AO: Kol Nidrei made sense to me once I understood my own family history, not just the part about being Sephardic and not just about being anusim (forced converts), but my particular family, I learned after I wrote Days of Awe, had actually collaborated with the inquisition in order to save themselves. This was tremendously shameful and shattering. Kol Nidrei is the prayer right before the big day, it’s about apostasy and survival against all costs. I think the biggest apostates of all are women. Women are constantly taking on vows and promises to comfort, reassure, take care of, deal with others—vows and promises that are not true to them or their dreams, vows and promises that compromise their integrity and their own ambitions. I think this has always happened, and so that prayer, for me, can be very much about freeing ourselves from the restraints we take on when we feel duty bound, when we think it’s what we should do. My first encounters with Kol Nidrei were through Sephardic high holiday services, and so the ghost of the Inquisition was always present—Kol Nidrei struck me as a way for all those Jews who pretended to be something else in order to survive to come back, to proclaim their Jewishness, and to forgive themselves, to be grateful for having lived.

SO: I wanted to end with your deeply moving poem about the victims of the Tree of Life Synagogue shooting, which is written in a form that directly invokes the Amidah, a central Jewish prayer.
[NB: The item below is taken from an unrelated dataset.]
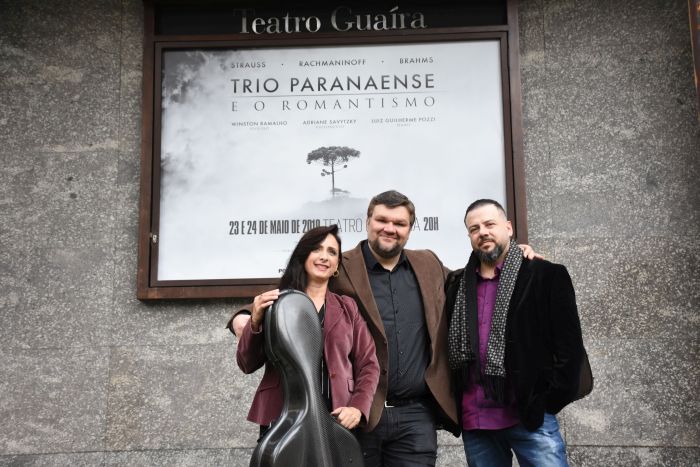 Guairinha recebe o romantismo do trio. Foto:Bebel Ritzmann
Can you tell me about your thought process around the writing of this poem?

AO: I think that particular terrorist act and the assault on the Sikh temple in Wisconsin and the massacre that Dylan Roof enacted on those nine people at the Baptist church, all those events strike a very similar cord for me. Obviously I related more to the Tree of Life because they’re closer to my people if you want to call it that. I think people forget that hatred against Jews is one of the earliest of the hatreds. But also, I find these events so beyond my scope, I try to imagine what it would be like to be there. 

Is it possible to be in this space of godliness and know that you’re being murdered?
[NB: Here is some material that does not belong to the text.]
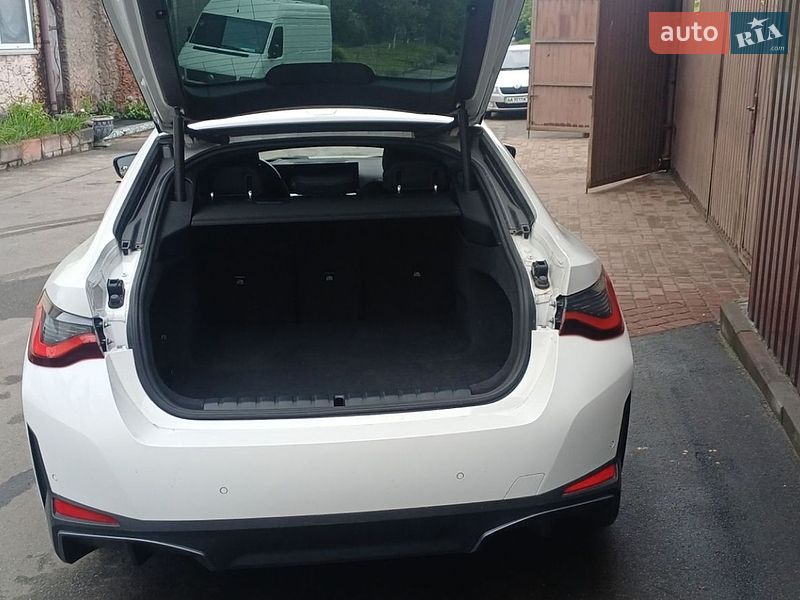 Купе BMW i4 2023 в Киеве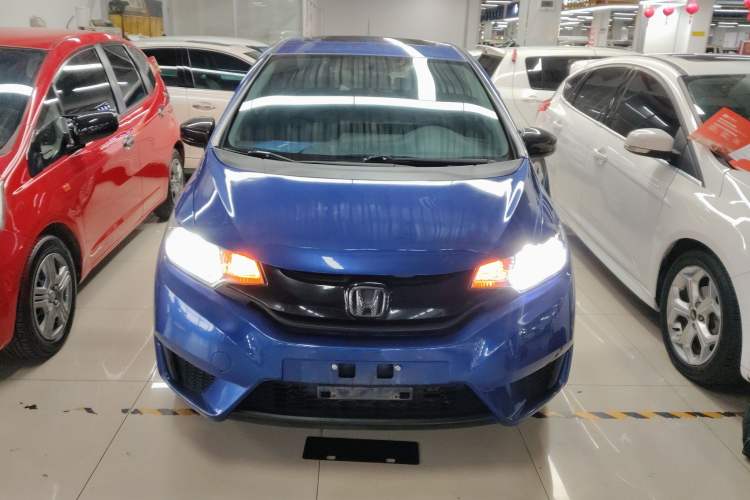 Used Honda Fit 2016 1.5L LXS CVT Comfort Sunroof Version Front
When I think of Tree of Life, I think: What is the hatred that fuels the impulse to do something like that that? And if you’re there and you’re vulnerable and you’re praying and you’re in this space where you think you’re safe and you’re blessed, do you even recognize it as it’s happening? Is it possible to be in this space of godliness and know that you’re being murdered? These are experiences that seem unfathomable. Especially when I heard they were older people, it felt like these people survived everything just to get to this point, they were with their god, they were exposed, they were skinless, and this is how they went. 
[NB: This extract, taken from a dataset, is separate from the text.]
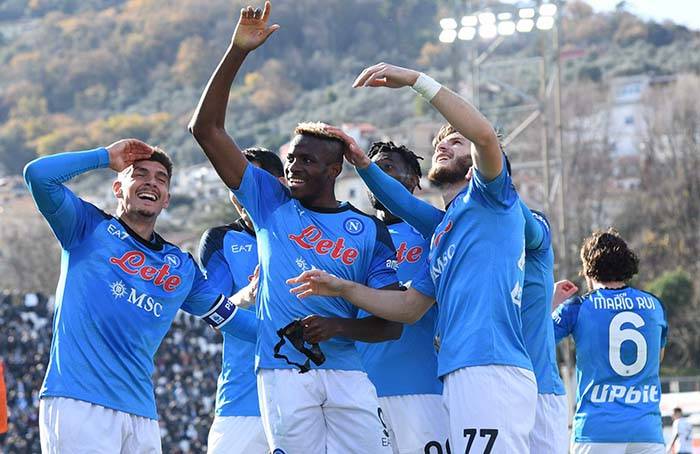 芒果体育-清晨勒沃库森备战全明星赛；刷新队史纪录细节曝光；引发热议；团队化学反应显著(阿隆索执教勒沃库森)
SO: Is poetry for you, then, a form of prayer?

AO: Yes, poetry is prayer, I go to poetry for a similar feeling that I get with prayer. My own prayer practice is so iconoclastic and not religious in the conventional sense. I read poems every day. Poetry serves as a sort of morning prayer, it does sort of create a space of wonder and a space of calm, especially during hard times. I enter my day with language very much in the forefront of my mind and the possibility of communication, which is important to me. I want to communicate, to connect, to touch and be touched.